Duncan Alexander June 26, 2011 at 1:19 pm

This is insightful, thanks Ben. I like how the AFC readership is for the most part so jaded by Saltz that we totally swept this under the rug in favor of more GIF discussions. Paddy, do you think Saltz? is right? I would think that you have a unique vantage point on this with your location + connections as well as your ties t the web community.

Anonymous June 27, 2011 at 12:22 am

Saltz is certainly right about Venice showcasing a lot of art that borrows from the same periods. I could give many reasons why this has come to pass but the bigs as I see it are that curators who are more familiar with older work let that influence their taste; a wide array of collectors who best understand and buy contemporary art when it references other art objects or techniques that have pre-existing or proven value; and as a result of a discipline that’s so broadly defined, sometimes being self referential is the best way of identifying what one makes as “art”. I don’t think net art necessarily escapes this trend — lots of it references known performative or object based works — but I do see it as the field with the best chance of moving art forward. A lot of that is simply that it’s so hard to collect and display. Without much institutional and commercial support my hope is that it will and is being forced to define itself on its own terms. 

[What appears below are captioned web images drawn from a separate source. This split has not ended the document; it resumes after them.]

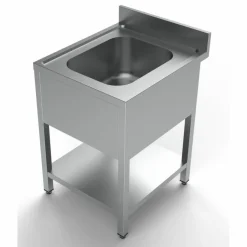 Spültisch mit Grundboden, 1 Becken Mitte, 600x700x850mm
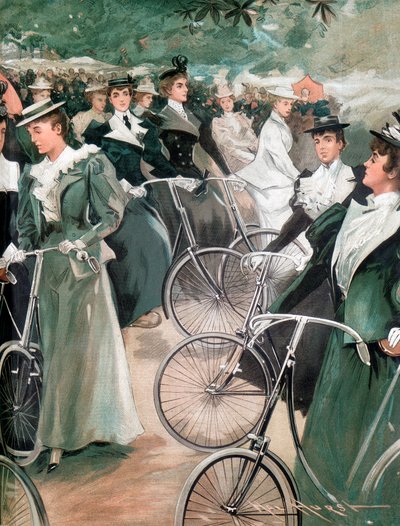 1896年、ロンドンのハイドパークで自転車に乗る社会の女性たち 作： Unbekannt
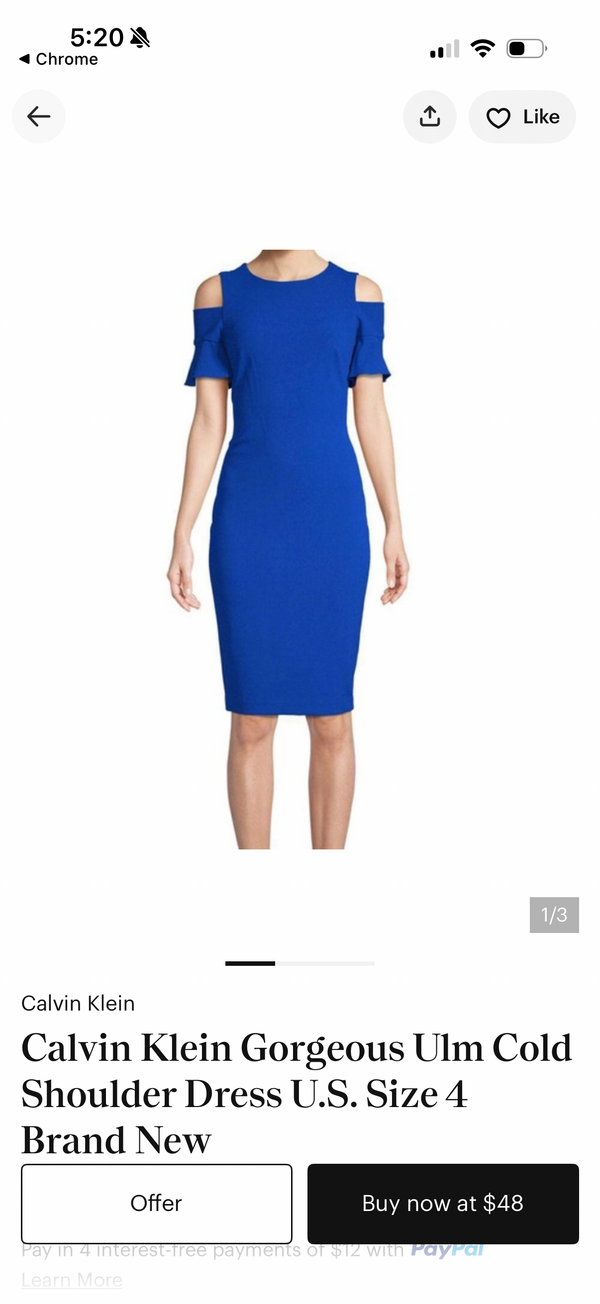 Calvin Klein Cold Shoulder Midi Dress in Cobalt Blue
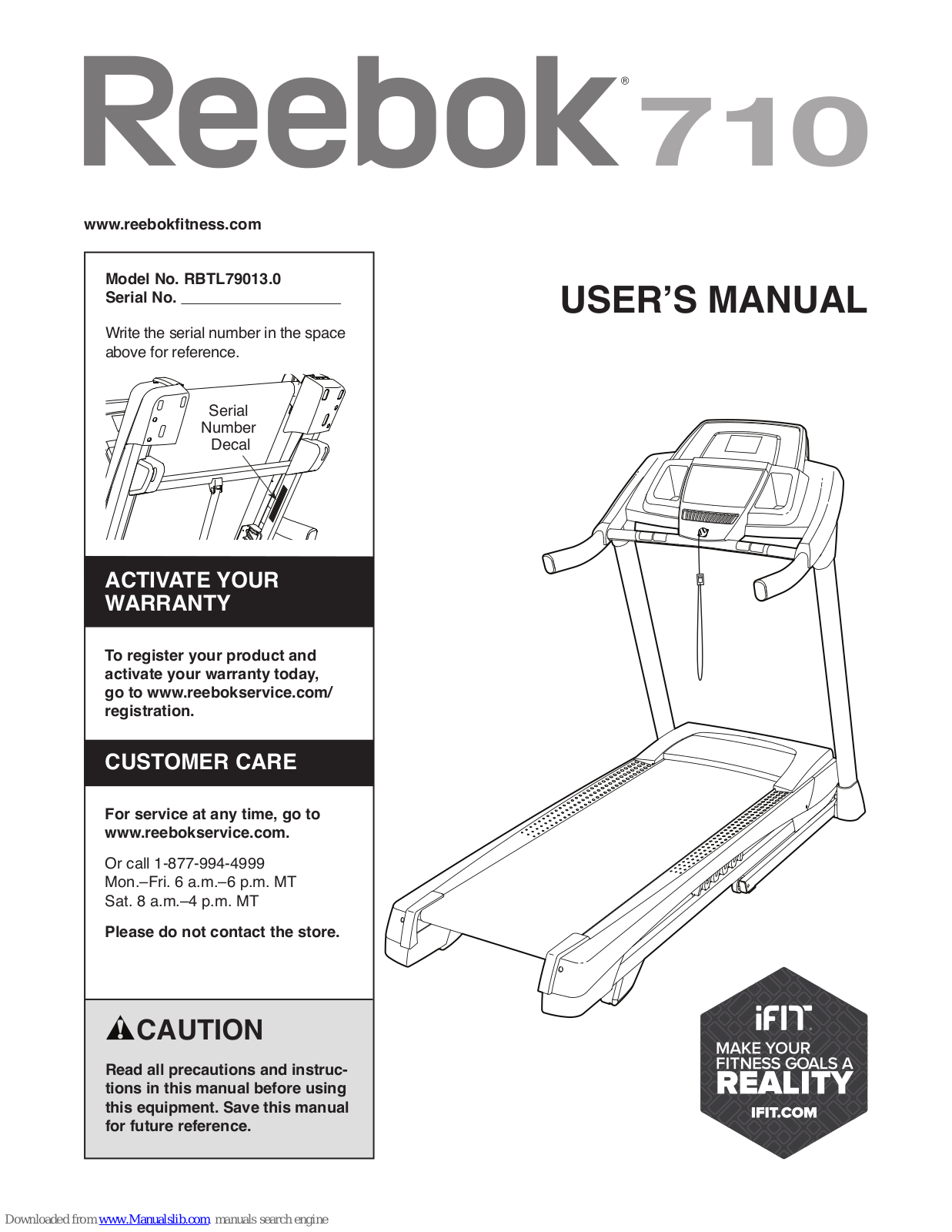 Reebok 710 Treadmill, 710, RBTL79013.0 User Manual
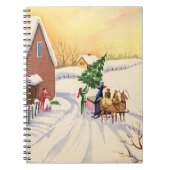 雪の多い冬の道のヴィンテージクリスマスツリー ノートブック (正面)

I worry what I’ve written suffers from both a pie in sky type attitude towards what kind of freedoms artists would have without the art market and institutional settings, and a certain jadedness that comes from seeing a lot of art. Still, most art isn’t very good and I do believe that what artists will and are doing with technology is the most exciting art there is right now. At the very least, we can thank browsers for eliminating the pervasive use of florescent and neon lights online. Net artists can emulate the material, but I’m glad I only have to walk through those installations IRL.